Literalmente: “En 1765, la Compañía de las Indias Orientales derrotó al joven emperador mogol y puso un gobierno controlado por mercaderes ingleses. En ese momento, quedó señalada la transformación de la Compañía de las Indias Orientales en algo muy distinto a una empresa: un agresivo poder colonial. Durante el siguiente medio siglo, la Compañía continuó extendiendo su poder hasta que casi toda la India al sur de Delhi se controlaba desde un despacho londinense”.

 Más tono acusatorio todavía: lo que el autor relata es “cómo el Imperio mogol, que había dominado el comercio y la manufactura mundiales, y que poseía recursos casi ilimitados, se derrumbó y fue reemplazado por una corporación multinacional al otro lado del mundo que respondía a unos accionistas que jamás habían estado en la India y que no tenían idea del país que les reportaba jugosos dividendos”. Y ya para concluir y con ánimo presentista: el libro contiene “una historia acerca de los devastadores efectos que puede tener el abuso de poder por parte de una gran corporación y que resuena amenazadoramente familiar en este siglo XXI de todopoderosas empresas transnacionales”. El lector occidental no podrá quejarse de no haber sido debidamente preparado para la más refinada de las faenas del espíritu de la cultura de la cancelación: le ponen a uno enfrente de lo peor de sus ancestros.

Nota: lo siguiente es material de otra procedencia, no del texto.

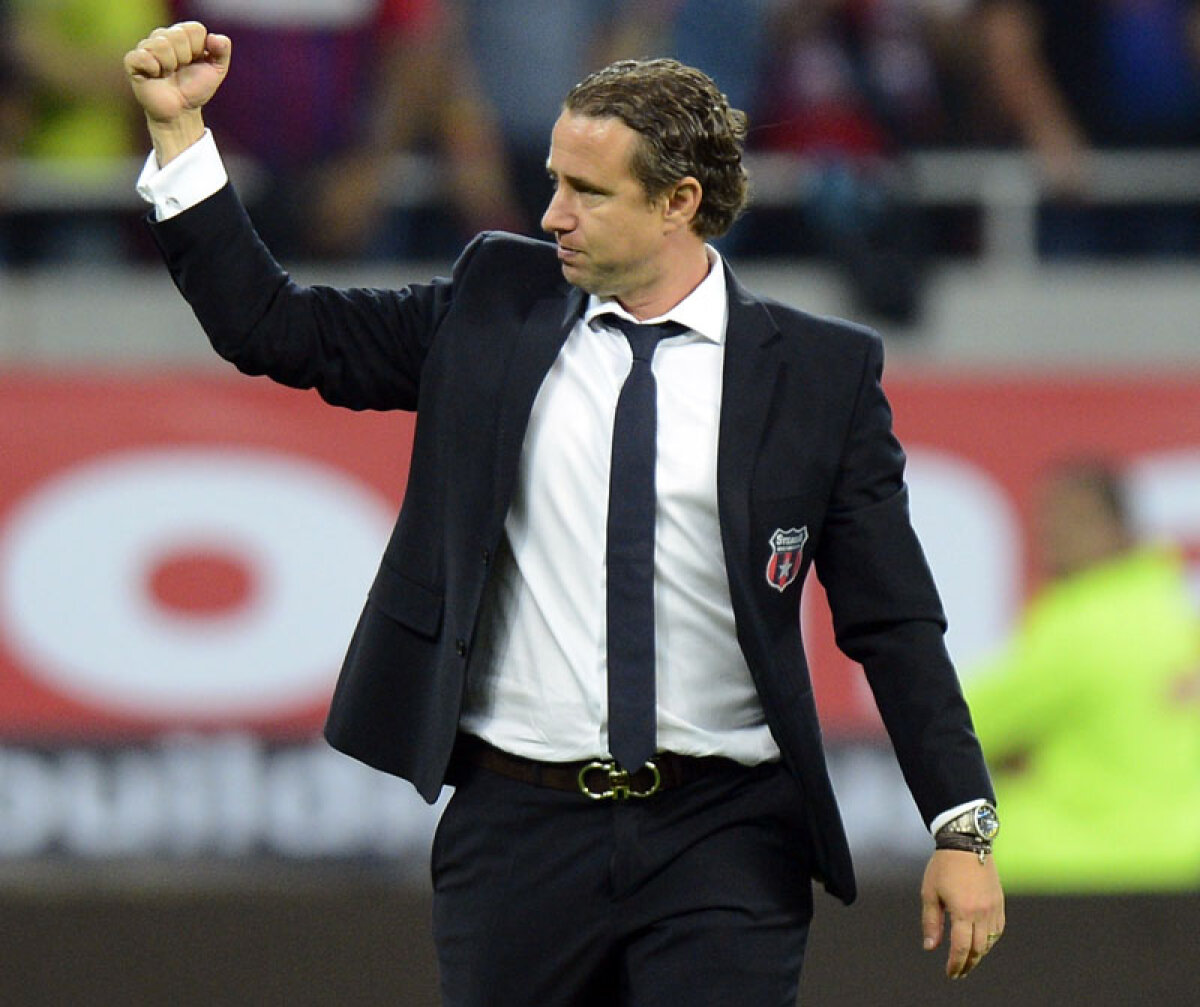 Reghecampf l-a detronat pe Protasov! A devenit cel mai eficient antrenor al Stelei în Europa din toate timpurile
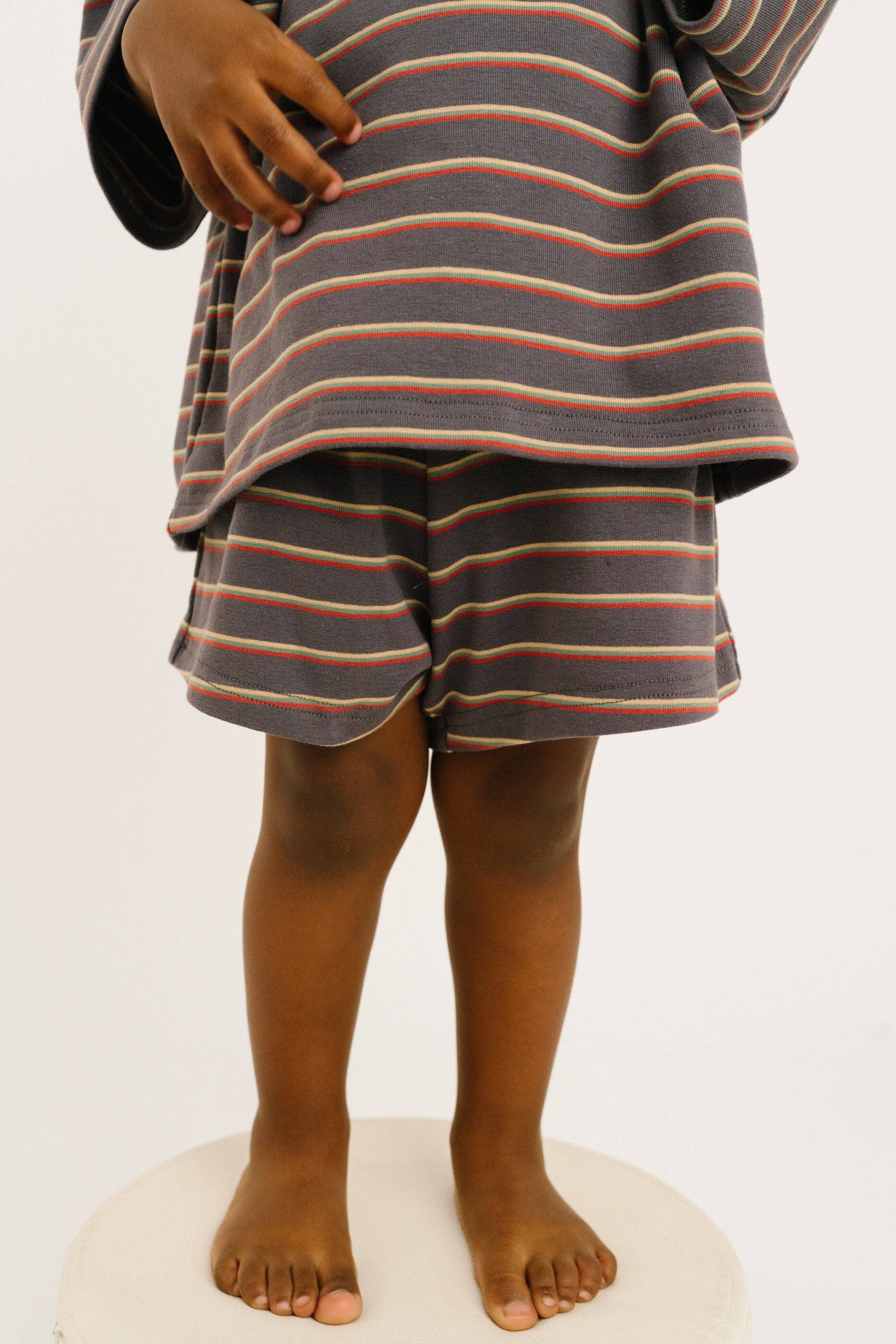 Graphite Stripe Slouchy Set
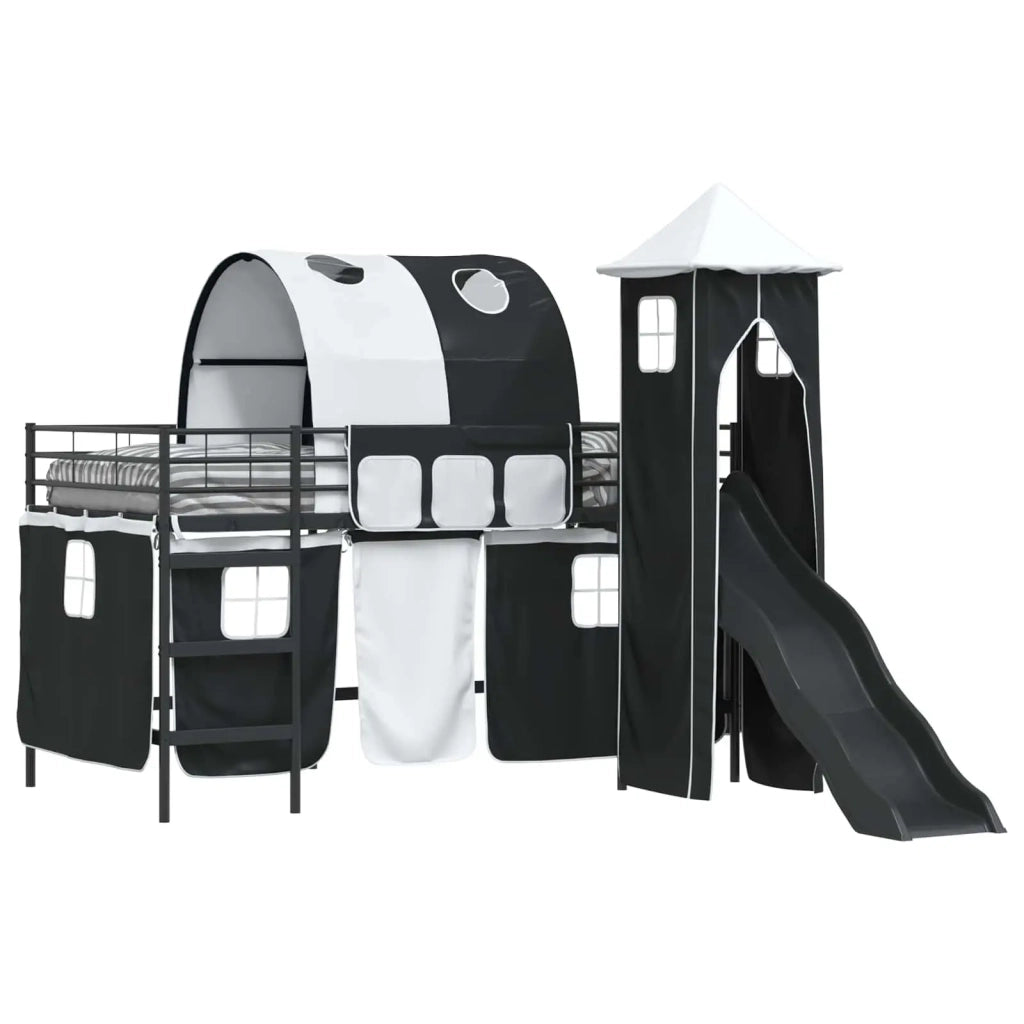 Struttura del letto loft per bambini Nero 100 x 200 cm Metallo 42020874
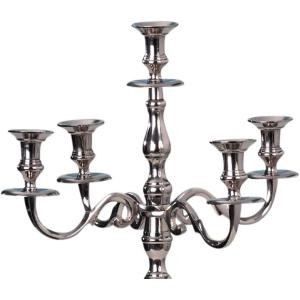 Chandelier 5 branches Argent 80cm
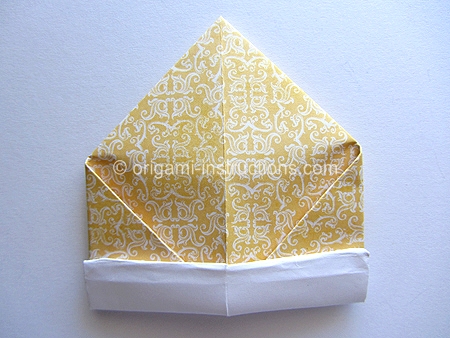 origami pope hat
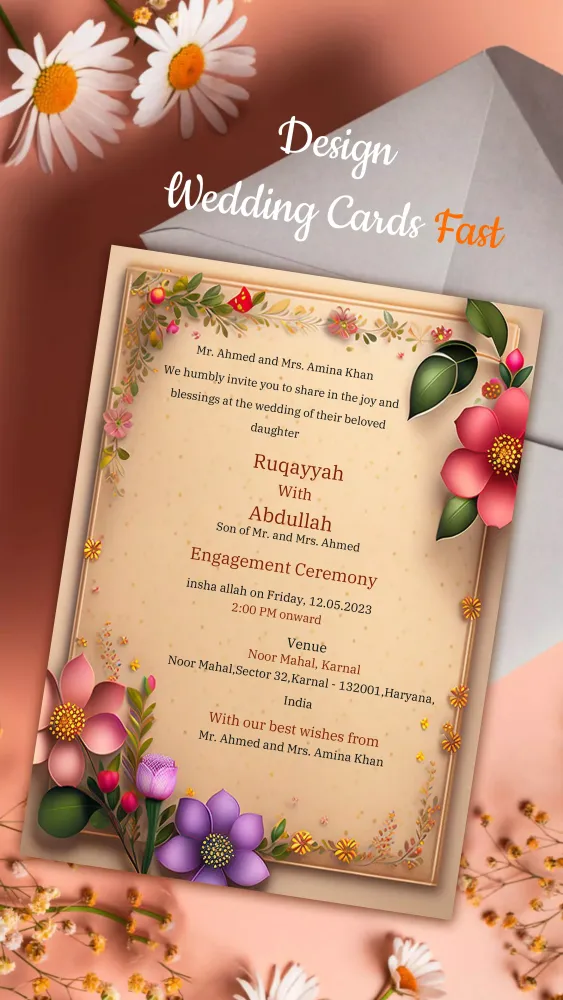 Capturas de pantalla de Wedding Invitation Maker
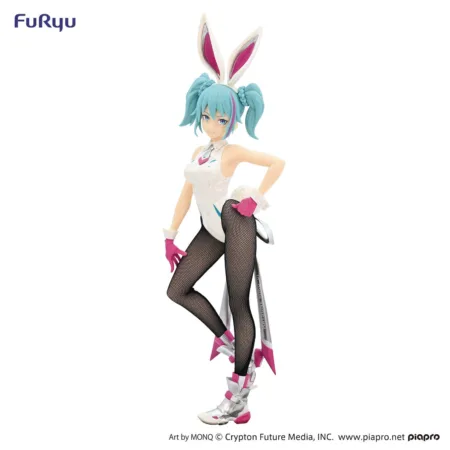 HATSUNE MIKU BICUTE BUNNIES STREET PINK COLOR FIGURE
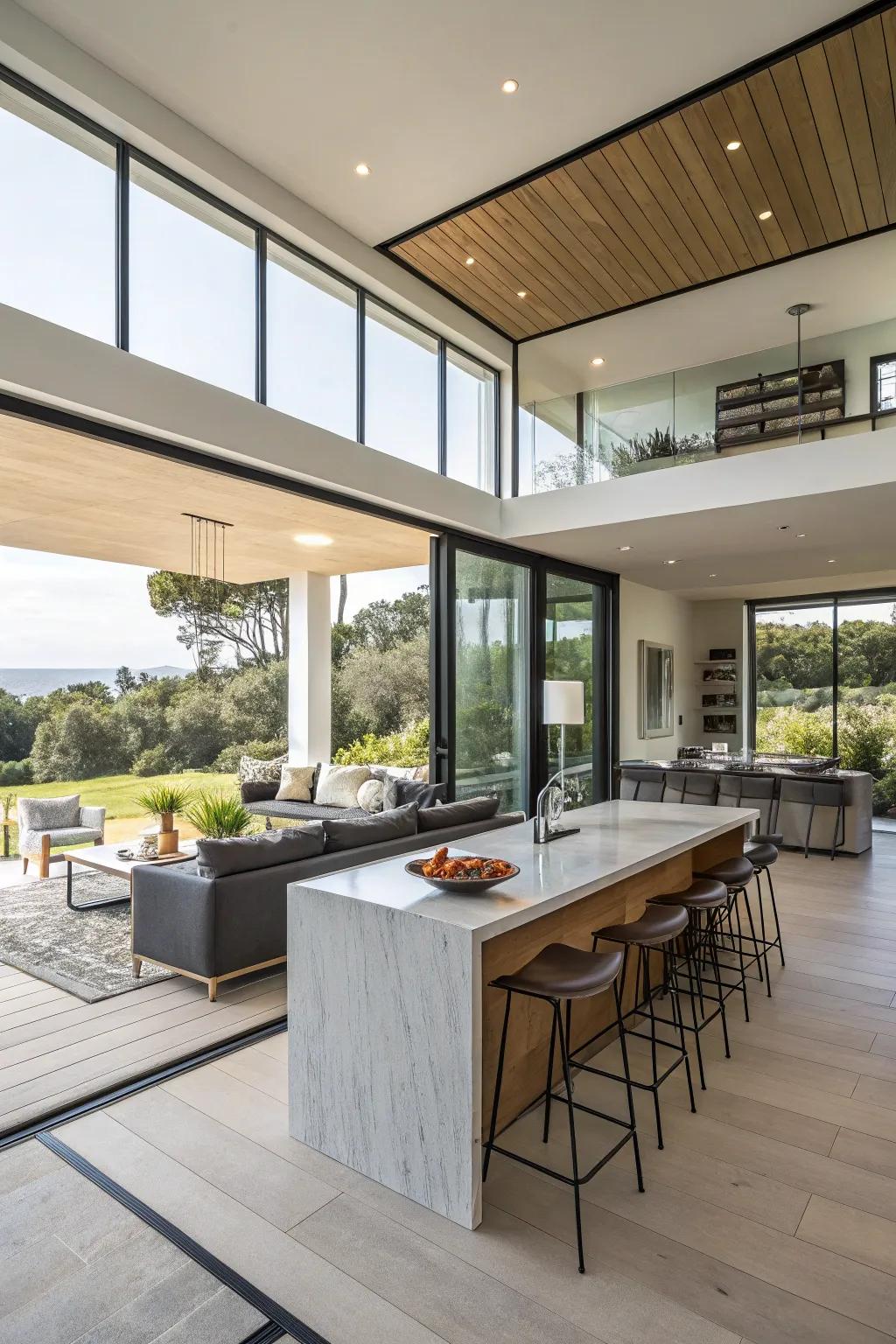 A balanced open space that improves connection and movement.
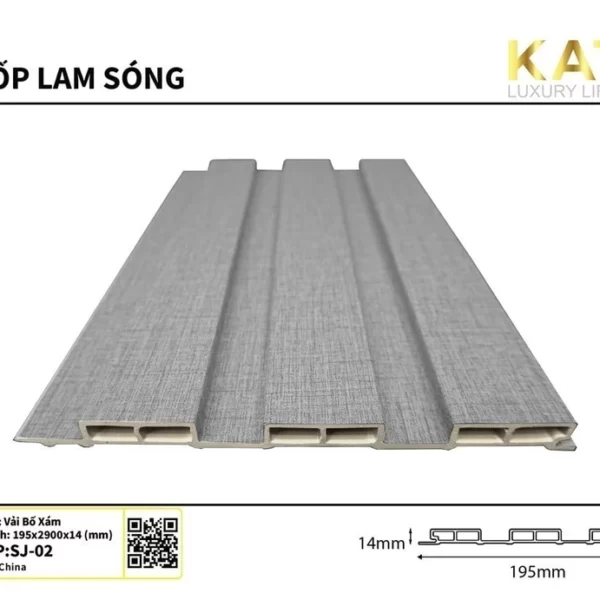 Tấm Ốp Lam Sóng Kata Sj-02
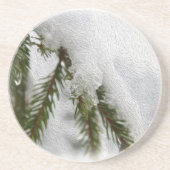 Schneefichten Getränkeuntersetzer (Vorne)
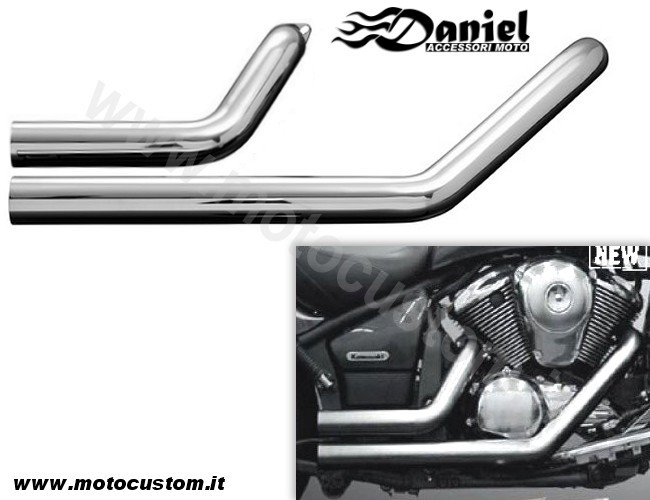 Scarichi Short Cut cod 652 502, Daniel accessori moto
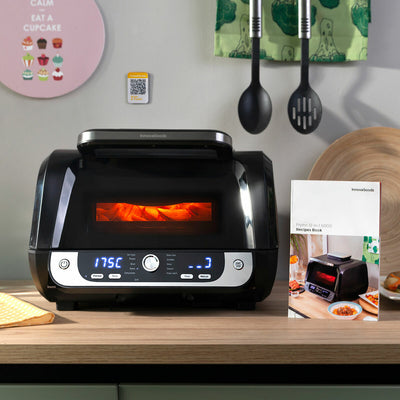 Friggitrice ad Aria con Grill, Accessori e Ricettario InnovaGoods Nero Acciaio 3400 W 6 L (Ricondizionati C)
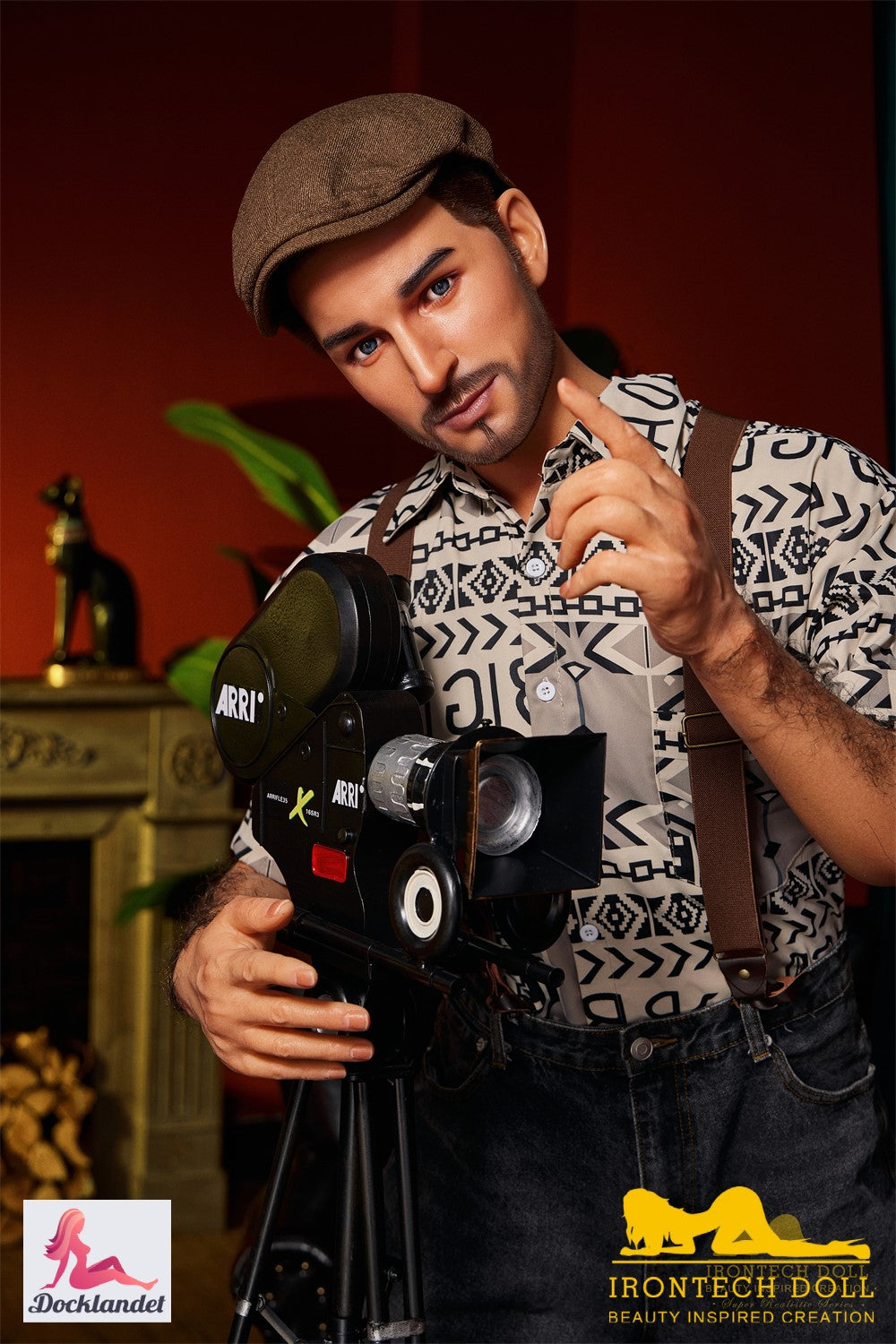 Mužská sexuální panenka Antonio (Irontech Doll 170 cm M3 silikon)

Fundada en 1599/1600 (o sea, más o menos cuando en España falleció Felipe II), la Compañía, a finales del siglo XVII, seguía siendo, por lo que se afirma en la Introducción, un chiringuito: “Después de cien años de historia, tan sólo tenía 35 empleados fijos en su oficina central”. Y a mediados del XVIII (cuando aquí empezó a reinar Carlos III, por seguir con los parangones), su sede todavía se encontraba en “una pequeña oficina de no más de cinco ventanas de ancho en la ciudad de Londres”.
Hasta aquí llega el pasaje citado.